У меня было такое ощущение, что сидят два совершенно разных существа: переодетый во все это хэбэ-тряпье ангел и одетый в добротные одежды, как и положено современным чертям, обыкновенный рядовой, неозаренный дьявол в моем образе. Я жался весь внутри и никак не мог повернуть ситуацию так, чтобы она стала хоть немного теплей — хоть бы несколько минут по-человечески поговорить: ну, если уж не по душам, то хоть чуть-чуть откровенней, что ли… И он, должно быть, понимал, что я озадачен контрастом, он тихо улыбнулся: 

— А вы выпейте, если хотите. 

Мне действительно жутко захотелось выпить. И я налил в тот фужер, который был предназначен для воды, и мне стало легче сразу. 
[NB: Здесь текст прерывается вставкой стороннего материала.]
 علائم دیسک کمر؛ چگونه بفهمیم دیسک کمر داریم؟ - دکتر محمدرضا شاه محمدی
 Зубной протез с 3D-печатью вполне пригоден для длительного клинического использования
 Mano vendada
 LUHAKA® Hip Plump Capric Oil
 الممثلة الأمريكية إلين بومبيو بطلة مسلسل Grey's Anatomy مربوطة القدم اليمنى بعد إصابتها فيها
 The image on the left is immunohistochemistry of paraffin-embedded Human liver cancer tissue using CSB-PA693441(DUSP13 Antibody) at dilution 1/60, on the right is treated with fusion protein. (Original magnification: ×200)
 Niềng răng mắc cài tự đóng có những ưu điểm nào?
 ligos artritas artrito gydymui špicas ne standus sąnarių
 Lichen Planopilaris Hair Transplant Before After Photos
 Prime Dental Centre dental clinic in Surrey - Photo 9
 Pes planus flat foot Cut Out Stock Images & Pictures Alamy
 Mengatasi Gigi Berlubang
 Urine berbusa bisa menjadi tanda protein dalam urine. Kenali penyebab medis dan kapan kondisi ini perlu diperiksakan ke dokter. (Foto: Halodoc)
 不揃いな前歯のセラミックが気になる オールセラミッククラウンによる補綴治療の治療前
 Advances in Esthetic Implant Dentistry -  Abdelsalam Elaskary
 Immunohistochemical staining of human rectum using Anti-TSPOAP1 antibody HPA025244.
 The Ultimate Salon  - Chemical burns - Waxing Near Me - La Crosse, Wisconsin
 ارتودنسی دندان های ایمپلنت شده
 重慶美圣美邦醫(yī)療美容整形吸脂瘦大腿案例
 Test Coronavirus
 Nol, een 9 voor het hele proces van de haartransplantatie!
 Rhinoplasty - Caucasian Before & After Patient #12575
— Неужели никогда не пили? Я и сам-то не очень пью. Но, знаете, иногда снимает тяжесть. Или стресс. Вы и раньше не… 

— Пил, — ответил он тихо. И очень даже пил. А потом понял, что это не только зло, личное, если можно так сказать, это еще и отравление среды, уничтожение всех духовных начал. 

По мере того, как он говорил, мне делалось немножко не но себе, я пытался улыбаться, сидели бы мы где-нибудь в другом месте, я бы послал его к черту, а тут он гость, я и слушал его, и лицо мое, должно быть, осклабилось от подобия улыбки. Гнев то и дело во мне вспыхивал, он ведь всем своим видом, этаким вселенским укором, прямо в мою душу проникал, и меня, помимо моей воли, понесло на иронию: 

— Так что же вы мяса не едите, чисто по физиологическим причинам или же считаете, что мясо— это тело наших младших братьев? 

— Зачем же так? — улыбнулся Некалин. Он не хотел на эту тему разговаривать со мной. Но я настоял: 

— Нет, вы все-таки поясните. Поясните, я вас очень прошу! 

— Ну хотя бы потому, что я лучше чувствую себя. Я не догматик, иногда ем мясо. И вы, ради всего святого, ешьте, если вы чувствуете, что оно на пользу вам идет… 

— Вы считаете, что между едой и духовным состоянием есть связь?.. 

— Это не я так считаю. Человечество так считает. Залейте в машину не бензин, а оливковое масло, не поедет машина, хотя оливковое масло намного дороже бензина. 

— Зачем же такой механицизм? 

— Это не механицизм. Вы знаете, что гимназистки во время экзаменов почти ничего не ели, потому что лёгкое голодание усиливало работу мозга. Энергия голодного волка превышает в сто раз энергию сытого. А вы знаете, что Чехов писал свои рассказы почти на голодный желудок. Облегченный завтрак — великий стимул… Сытость, элементарная перекормленность рождают лень, потребительство, человеческое уродство, как физическое, так и духовное. Обратите внимание, во что у нас превратился отдых. Люди могут по шестнадцать часов лежать изо дня в день на песке. Почти не двигаясь. Вы взгляните на ожиревшие, отяжеленные тела большинства людей, разве в таких громоздких оболочках способна родиться и жить творческая энергия?.. 

— Что же, все упирается в питание, в жизненные удобства? 

— Все упирается в смысл жизни. Один главный вопрос у человека: проживет ли он жизнь как человек или как животное… 

Он сидел напротив, пил маленькими глотками чай без сахара, тихо улыбался, и ему, должно быть, было хорошо от того, что он утверждал, от того, что он знал, что надо в этой жизни утверждать. Ему нравилась, в этом я ничуть не сомневался, моя педагогическая беспомощность. У него есть доктрина. Великая цель. А у меня, получалось так, не было этой великой цели. В его облике, в его поведении, в его манере держаться проскальзывало то, что именуется в литературе Пророчествованием, или Учительствованием. Он будто и мне говорил: «Все погибнет, если будет такая бездумность, такая оголтелая погоня за жизненными благами. Духовная смерть страшнее физической».